» **TASK**
Set down exactly the lines below between the line holding "Used 2025 Honda Odyssey EX-L image 16" and the line holding "Casa à Venda", inclusive; no other line belongs in the answer.

» **MATERIAL FOR THE TASK**
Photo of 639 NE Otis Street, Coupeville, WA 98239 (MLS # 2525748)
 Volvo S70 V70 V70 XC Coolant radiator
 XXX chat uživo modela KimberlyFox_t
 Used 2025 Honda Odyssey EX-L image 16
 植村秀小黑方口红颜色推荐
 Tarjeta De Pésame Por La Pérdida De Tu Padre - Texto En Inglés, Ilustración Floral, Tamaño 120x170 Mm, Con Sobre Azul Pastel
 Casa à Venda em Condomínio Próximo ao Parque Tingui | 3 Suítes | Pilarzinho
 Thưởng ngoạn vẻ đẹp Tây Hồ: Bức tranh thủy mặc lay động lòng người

» **WRITTEN REPLY**
 Used 2025 Honda Odyssey EX-L image 16
 植村秀小黑方口红颜色推荐
 Tarjeta De Pésame Por La Pérdida De Tu Padre - Texto En Inglés, Ilustración Floral, Tamaño 120x170 Mm, Con Sobre Azul Pastel
 Casa à Venda em Condomínio Próximo ao Parque Tingui | 3 Suítes | Pilarzinho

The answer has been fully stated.